WORK REQUIRED: Show every line of the data where the word "Model" can be found.

(Stored dataset items)
━━━━━━━━━━━━━━━━━━━━━━━━━━━━━━

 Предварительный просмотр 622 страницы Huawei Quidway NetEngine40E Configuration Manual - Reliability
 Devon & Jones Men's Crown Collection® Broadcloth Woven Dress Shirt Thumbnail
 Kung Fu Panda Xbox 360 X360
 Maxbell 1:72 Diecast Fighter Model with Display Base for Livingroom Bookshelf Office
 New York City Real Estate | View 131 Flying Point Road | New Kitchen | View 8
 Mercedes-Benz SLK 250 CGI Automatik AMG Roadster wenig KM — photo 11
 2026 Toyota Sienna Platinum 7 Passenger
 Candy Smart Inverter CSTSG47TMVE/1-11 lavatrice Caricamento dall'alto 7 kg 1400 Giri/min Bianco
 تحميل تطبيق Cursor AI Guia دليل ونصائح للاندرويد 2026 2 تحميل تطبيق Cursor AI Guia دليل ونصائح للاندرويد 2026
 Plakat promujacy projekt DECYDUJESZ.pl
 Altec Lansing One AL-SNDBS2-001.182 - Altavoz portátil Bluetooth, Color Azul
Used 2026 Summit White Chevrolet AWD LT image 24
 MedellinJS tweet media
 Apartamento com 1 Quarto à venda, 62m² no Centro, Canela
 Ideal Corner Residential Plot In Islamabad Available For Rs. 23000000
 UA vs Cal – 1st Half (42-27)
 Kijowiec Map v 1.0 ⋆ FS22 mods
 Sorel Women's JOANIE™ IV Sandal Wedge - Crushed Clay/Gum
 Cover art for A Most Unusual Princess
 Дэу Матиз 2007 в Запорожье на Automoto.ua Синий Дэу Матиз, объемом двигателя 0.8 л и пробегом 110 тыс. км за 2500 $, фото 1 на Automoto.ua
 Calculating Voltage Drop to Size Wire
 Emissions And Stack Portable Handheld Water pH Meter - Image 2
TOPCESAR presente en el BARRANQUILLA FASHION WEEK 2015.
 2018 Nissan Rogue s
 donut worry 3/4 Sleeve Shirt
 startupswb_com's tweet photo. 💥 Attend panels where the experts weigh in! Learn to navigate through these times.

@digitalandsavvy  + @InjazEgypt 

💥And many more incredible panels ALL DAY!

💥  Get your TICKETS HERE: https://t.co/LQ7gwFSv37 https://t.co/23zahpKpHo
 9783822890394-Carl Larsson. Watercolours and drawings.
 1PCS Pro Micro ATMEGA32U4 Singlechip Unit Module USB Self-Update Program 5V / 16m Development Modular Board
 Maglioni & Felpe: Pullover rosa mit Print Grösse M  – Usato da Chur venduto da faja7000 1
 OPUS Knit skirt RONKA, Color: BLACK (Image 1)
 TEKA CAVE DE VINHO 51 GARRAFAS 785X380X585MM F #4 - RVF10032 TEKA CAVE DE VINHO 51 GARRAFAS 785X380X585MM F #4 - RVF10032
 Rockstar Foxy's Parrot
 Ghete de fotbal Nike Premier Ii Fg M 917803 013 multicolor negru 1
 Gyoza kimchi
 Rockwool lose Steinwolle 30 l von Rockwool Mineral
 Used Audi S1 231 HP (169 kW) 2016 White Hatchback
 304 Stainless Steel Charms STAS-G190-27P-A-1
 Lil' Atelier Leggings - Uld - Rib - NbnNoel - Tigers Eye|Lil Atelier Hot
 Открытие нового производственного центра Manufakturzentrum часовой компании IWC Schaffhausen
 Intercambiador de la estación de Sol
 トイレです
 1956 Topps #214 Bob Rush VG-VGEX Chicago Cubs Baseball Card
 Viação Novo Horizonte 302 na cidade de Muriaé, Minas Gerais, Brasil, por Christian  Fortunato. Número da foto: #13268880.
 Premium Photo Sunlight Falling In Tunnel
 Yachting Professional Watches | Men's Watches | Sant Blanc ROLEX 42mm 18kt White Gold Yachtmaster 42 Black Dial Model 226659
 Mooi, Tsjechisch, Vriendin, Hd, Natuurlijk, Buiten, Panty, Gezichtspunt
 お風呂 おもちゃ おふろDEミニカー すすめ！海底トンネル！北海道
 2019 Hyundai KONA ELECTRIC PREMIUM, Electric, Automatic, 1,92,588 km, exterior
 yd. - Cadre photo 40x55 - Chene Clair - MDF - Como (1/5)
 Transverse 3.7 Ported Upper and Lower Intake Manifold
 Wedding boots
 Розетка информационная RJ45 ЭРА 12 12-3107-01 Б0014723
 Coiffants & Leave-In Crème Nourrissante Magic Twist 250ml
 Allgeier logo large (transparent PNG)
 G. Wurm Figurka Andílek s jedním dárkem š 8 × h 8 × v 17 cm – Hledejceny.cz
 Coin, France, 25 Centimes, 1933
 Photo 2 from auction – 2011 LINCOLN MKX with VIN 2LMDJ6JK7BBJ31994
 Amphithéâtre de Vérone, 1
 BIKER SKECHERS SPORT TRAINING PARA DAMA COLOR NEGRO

━━━━━━━━━━━━━━━━━━━━━━━━━━━━━━

WRITTEN REPLY:
 Maxbell 1:72 Diecast Fighter Model with Display Base for Livingroom Bookshelf Office
 Yachting Professional Watches | Men's Watches | Sant Blanc ROLEX 42mm 18kt White Gold Yachtmaster 42 Black Dial Model 226659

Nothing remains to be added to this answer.